What you have to do: Pictures in the listing should not be copied. Reproduce, word for word, each line from the one holding "gefüttertem Viskose-Mischgewebe-Kleid TCTSS23EB00290" through the final line.

Collected material:
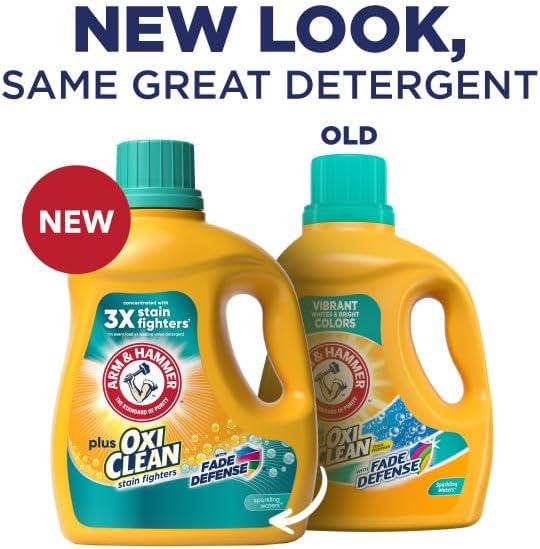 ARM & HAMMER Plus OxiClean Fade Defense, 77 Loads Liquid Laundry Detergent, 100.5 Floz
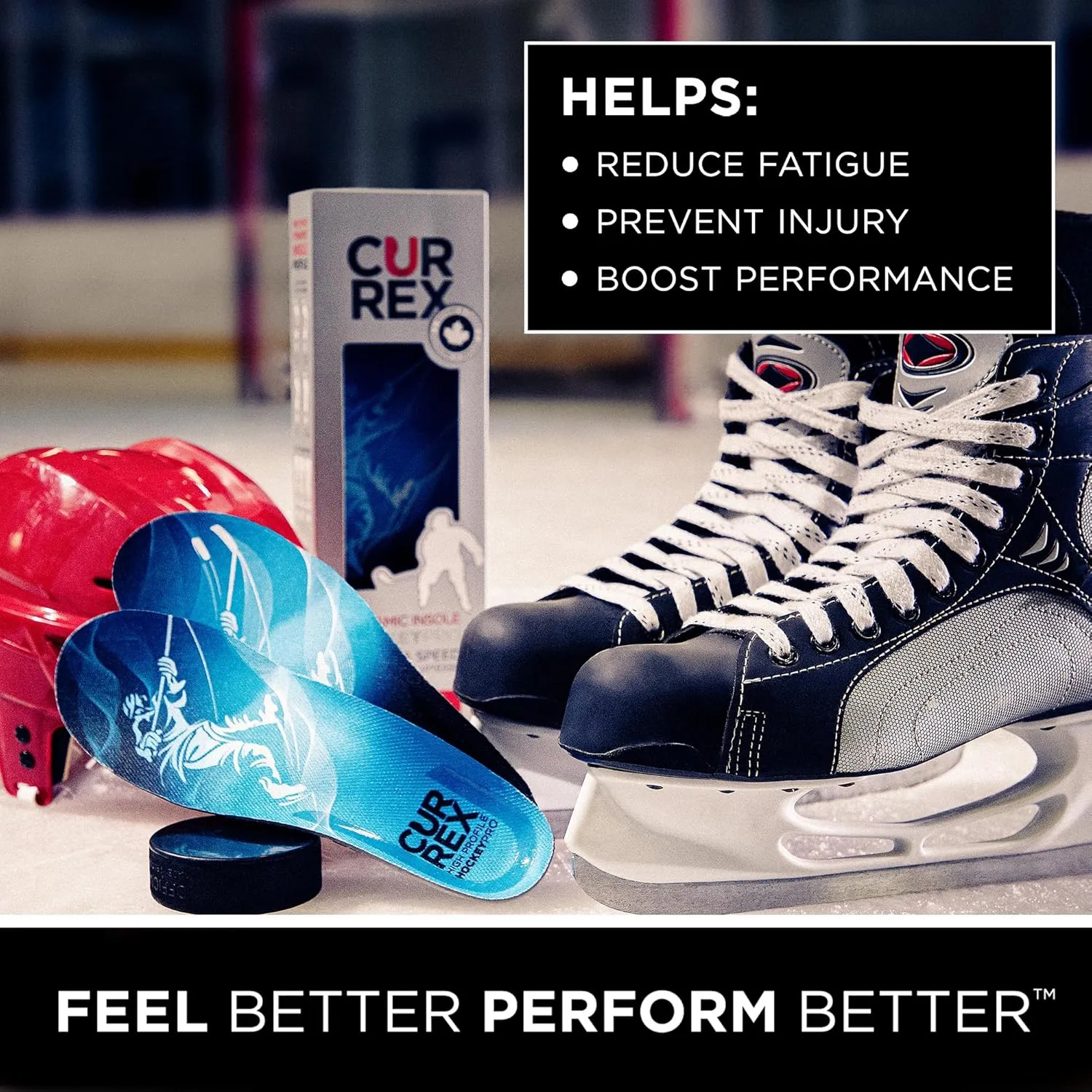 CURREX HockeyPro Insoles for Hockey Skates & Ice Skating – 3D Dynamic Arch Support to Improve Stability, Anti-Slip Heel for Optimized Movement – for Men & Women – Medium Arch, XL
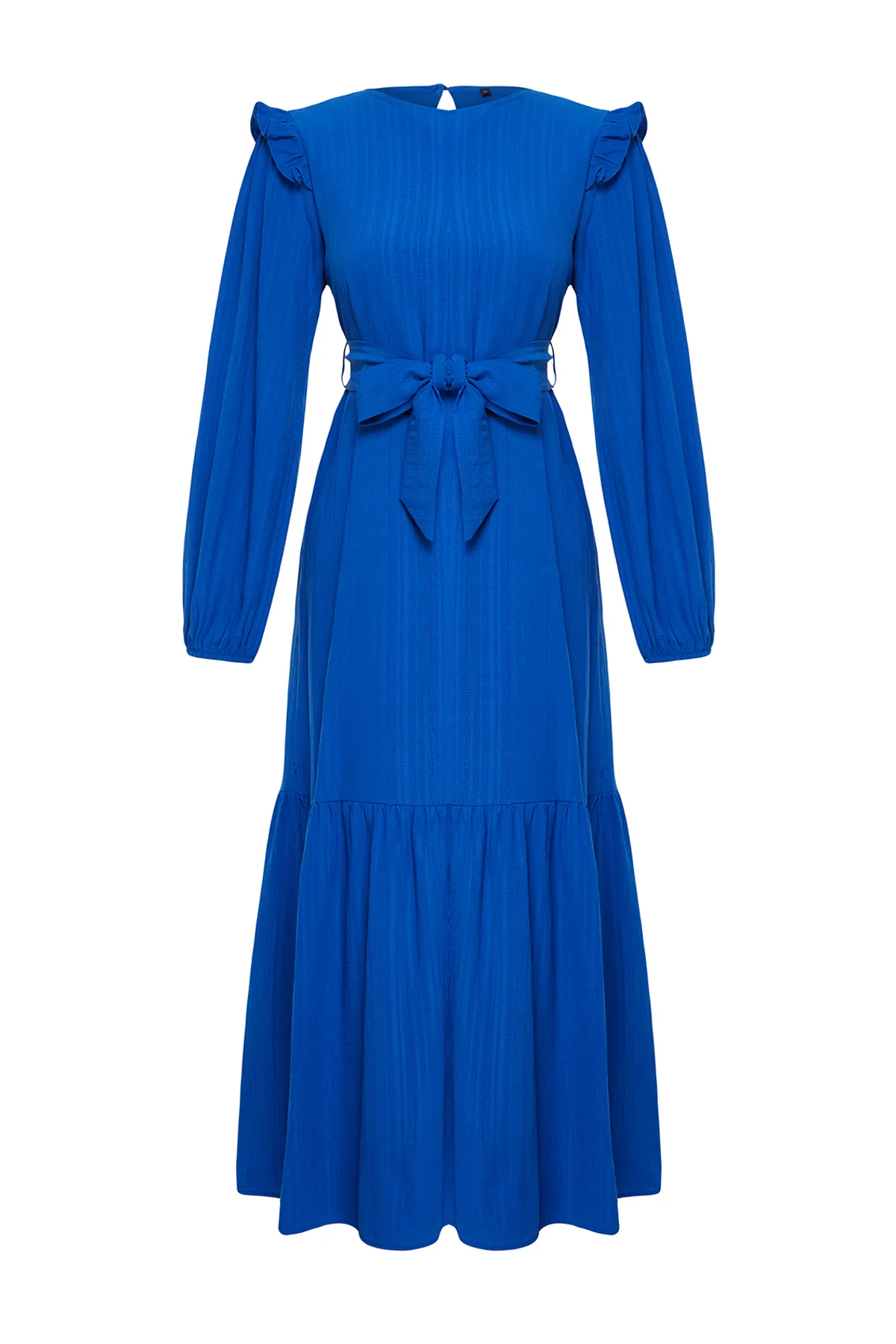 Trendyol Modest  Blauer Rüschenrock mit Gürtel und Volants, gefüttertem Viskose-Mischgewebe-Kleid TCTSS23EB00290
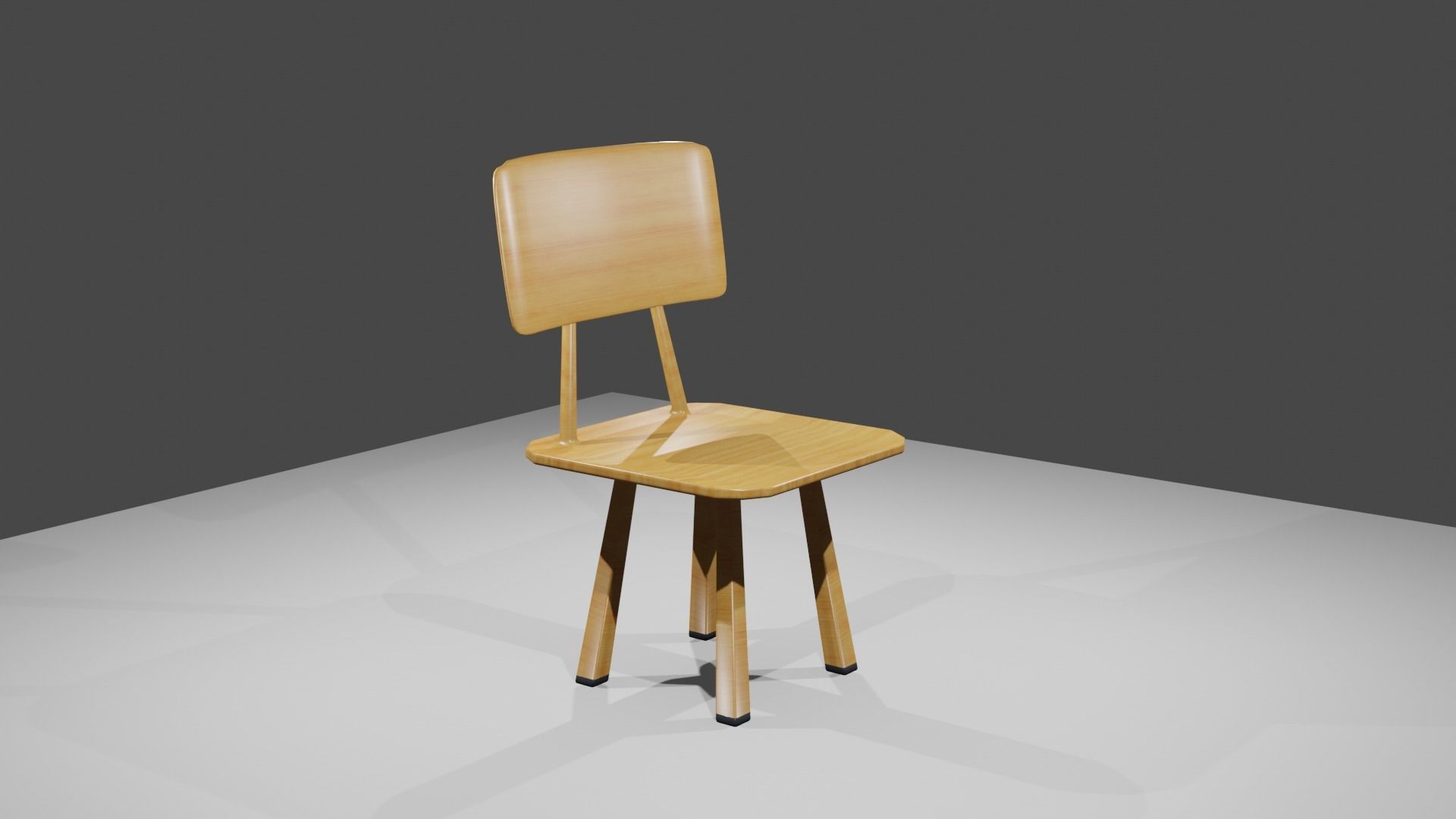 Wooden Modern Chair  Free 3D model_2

Your response:
 Trendyol Modest  Blauer Rüschenrock mit Gürtel und Volants, gefüttertem Viskose-Mischgewebe-Kleid TCTSS23EB00290
 Wooden Modern Chair  Free 3D model_2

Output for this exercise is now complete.